9. The apparatus of claim 8, wherein:

said first optical states of said first switchable surface and said second switchable surface comprise a substantially transparent state; and

said second optical states of said first switchable surface and said second switchable surface comprise a substantially light scattering state.

10. The apparatus of claim 9, wherein said multiplexing controller is configured to switch said first switchable surface to scatter said first color light, and to switch said second switchable surface to scatter said second color light.

11. The apparatus of claim 10, wherein said first switchable surface substantially encloses said lighting module, and said second switchable surface substantially encloses said first switchable surface.

12. The apparatus of claim 8, wherein:

said first illumination element comprises a first LED;

said second illumination element comprises a second LED; and

said third illumination element comprises a third LED.

13. The apparatus of claim 8, wherein the multiplexing controller is configured to implement switching of said first illumination element state, said second illumination element state, said third illumination element state, said first switchable surface state, and said second switchable surface state such that a color of light transmitted through said second switchable surface and provided by said apparatus at an area that is remote from said apparatus appears as being different from a color of said second switchable surface.

14. The apparatus of claim 13, wherein the multiplexing controller is configured to implement switching of said first illumination element state, said second illumination element state, said third illumination element state, said first switchable surface state, and said second switchable surface state such that a color of said first switchable surface appears as being different from the color of light provided by said apparatus at the area and from the color of said second switchable surface.
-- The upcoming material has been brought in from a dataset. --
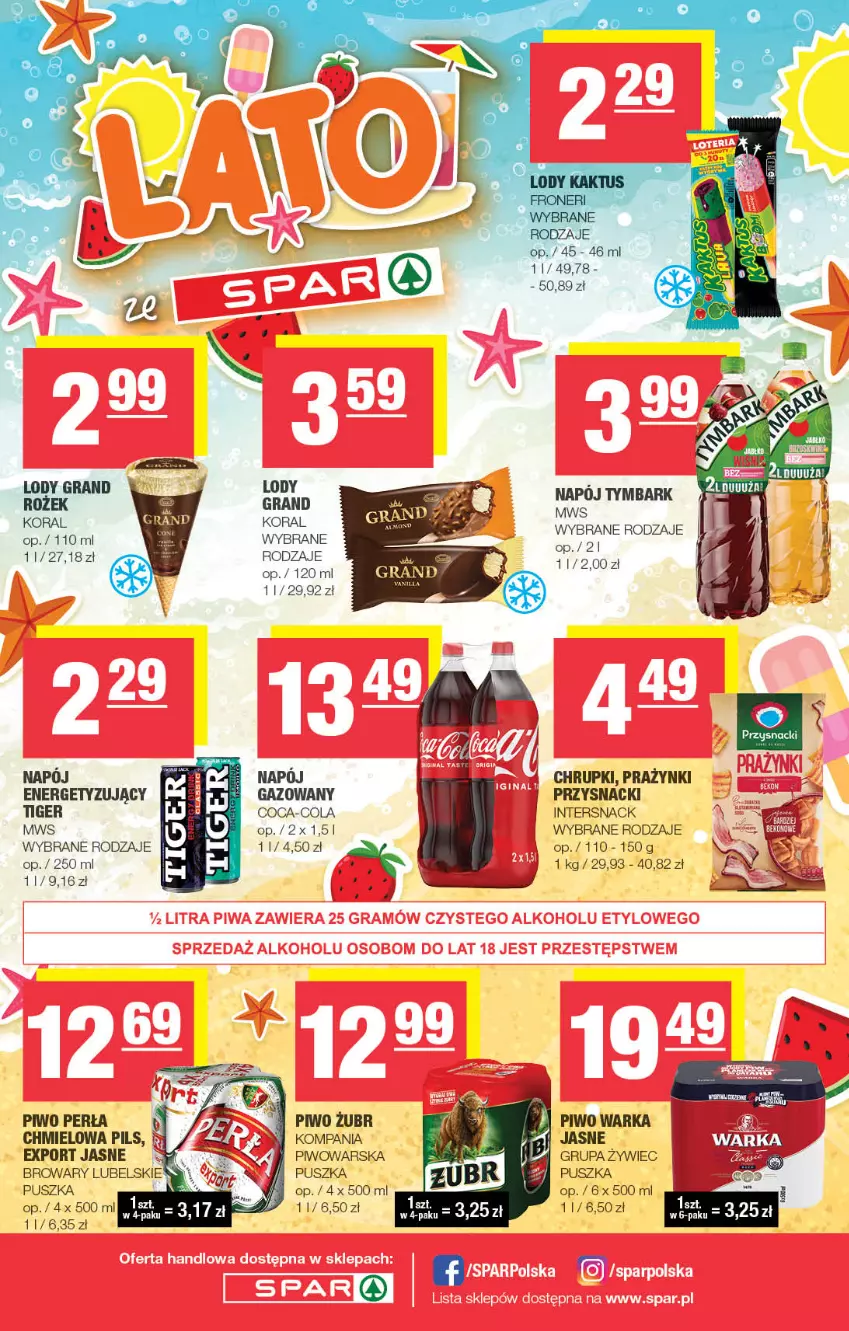 Gazetka promocyjna Spar - Spar - ważna 11.06 do 21.06.2023 - strona 16 - produkty: Chrupki, Coca-Cola, Gra, Lody, Napój, Perła, Piwo, Por, Przysnacki, Tiger, Tymbark, Warka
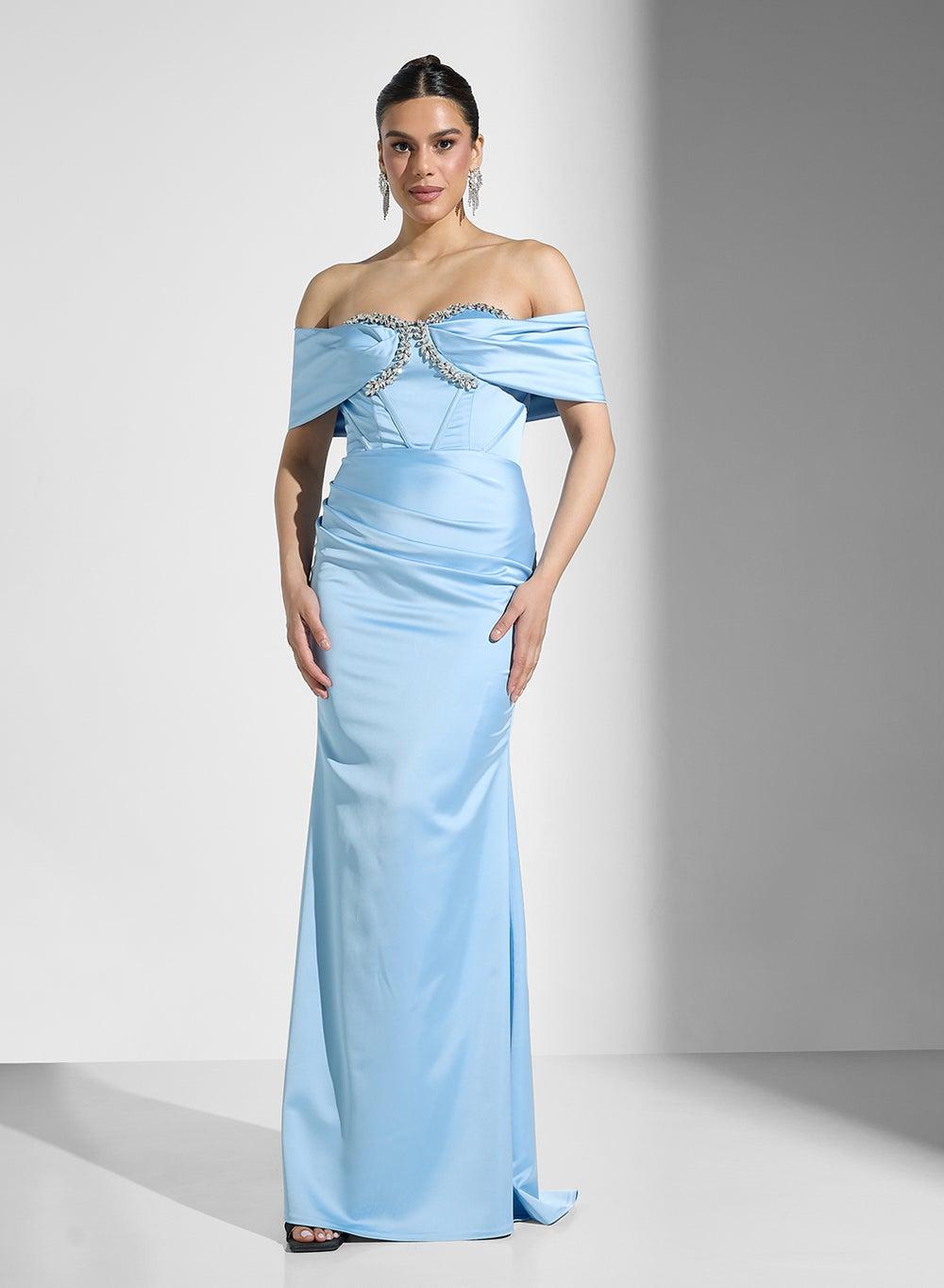 Light Blue Off-Shoulder Satin Evening Dress - Image 1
15. A system for illuminating an interior space comprising:

a lighting module comprising: a first illumination element producing a first color light; and a second illumination element producing a second color light, wherein said first color light is visually distinct from said second color light;

a switchable surface electrically switchable between a first optical state and a second optical state disposed substantially apart from and said lighting module, wherein said switchable surface is substantially illuminated by said lighting module; and

a multiplexing controller in electrical communication with said lighting module and said switchable surface, configured to independently control a first illumination element state, a second illumination element state, and a switchable surface state,

wherein said multiplexing controller is operable to switch each of said first illumination element state, said second illumination element state, and said switchable surface state at a rate of at least 10 Hz.

16. The system of claim 15, wherein:

said first optical state comprises a substantially transparent state; and said

second optical state comprises a substantially light scattering state.

17. The system of claim 16, wherein said switchable surface comprises a window of a building.

18. The system of claim 15, wherein wherein the multiplexing controller is configured to implement switching of said first illumination element state, said second illumination element state, and said switchable surface state such that a color of light transmitted through said switchable surface and provided by said apparatus at an area that is remote from said apparatus appears as being different from a color of said switchable surface.